The Ministry said it wanted to increase its yearly tax from slot machines from €3,204 to €4,164. It said that annual taxes generated by a casino gaming table would increase from €18k to €23,400.
In total the tax increases will generate an additional tax revenue of €8.25m in 2018 and €9m per year after 2018.
The move follows the Riga City Council’s decision to prohibit all slot halls in the city’s historic district, apart from those housed in four or five-star hotels. That vote will see the 41 gaming venues shut down by the council and follows a Supreme Court ruling decision to approve the council’s rejection of a new venue in the old district.
The ban affects seven slots halls owned by Estonian-based Olympic Entertainment Group. The operator currently owns 54 venues across Latvia, generating GGR of €66.2m and operating profit of €24m in 2016.

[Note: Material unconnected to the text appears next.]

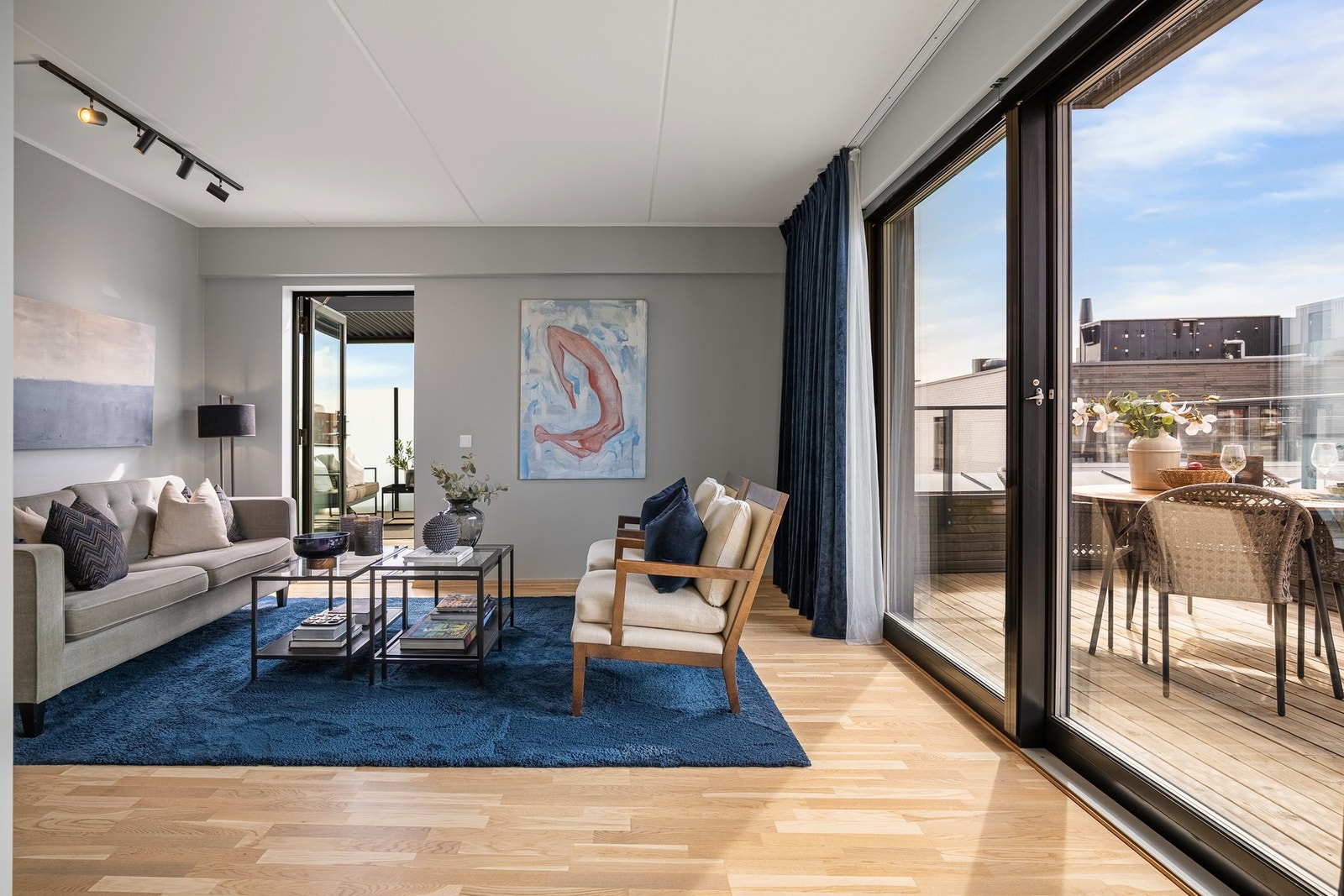 I bygg fra 2020 har du en god og moderne standard gjennom hele boligen. Galleribilde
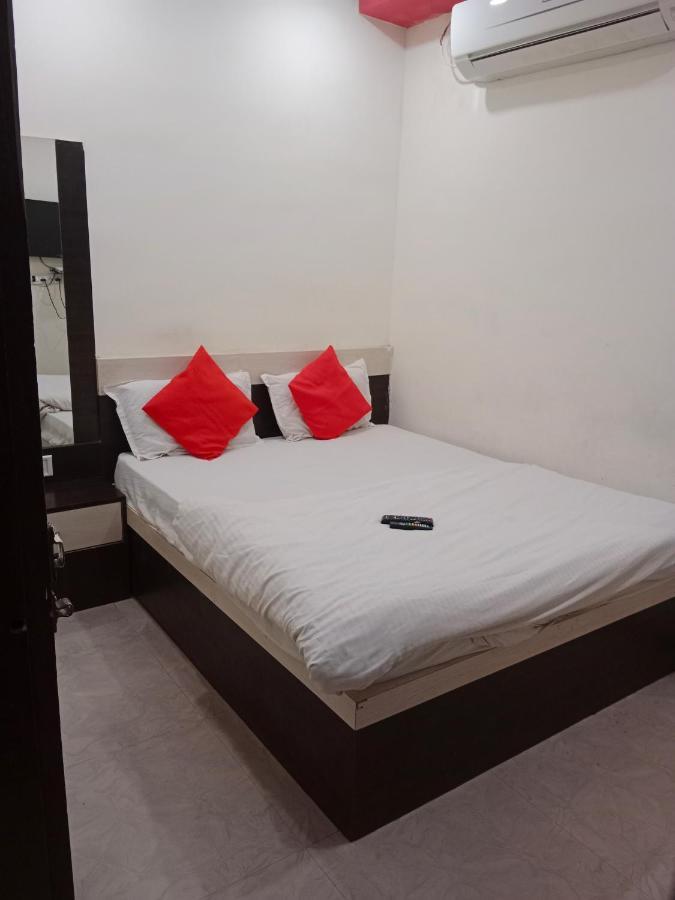 اوجاين Hotel Nahta Palace المظهر الخارجي الصورة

The news of the tax increase came as Olympic announced its second quarter earnings for the three months ending June 30. Latvia offered the company an increase in GGR of nine per cent taking its total to €15.1m. The company’s second-largest market Estonia saw GGR increase by 15.7 per cent to €11.2m.
The operator’s Lithuanian casinos and slot halls increased by 9.5 per cent to €6.3m.
In Italy its operations increased by 21 per cent to €7.7m, whilst its casino in Malta saw improved revenues of 22.9 per cent to €3.1m. Out of all its markets, only Slovakia dropped for Olympic with GGR falling by 12.2 per cent to €3.8m.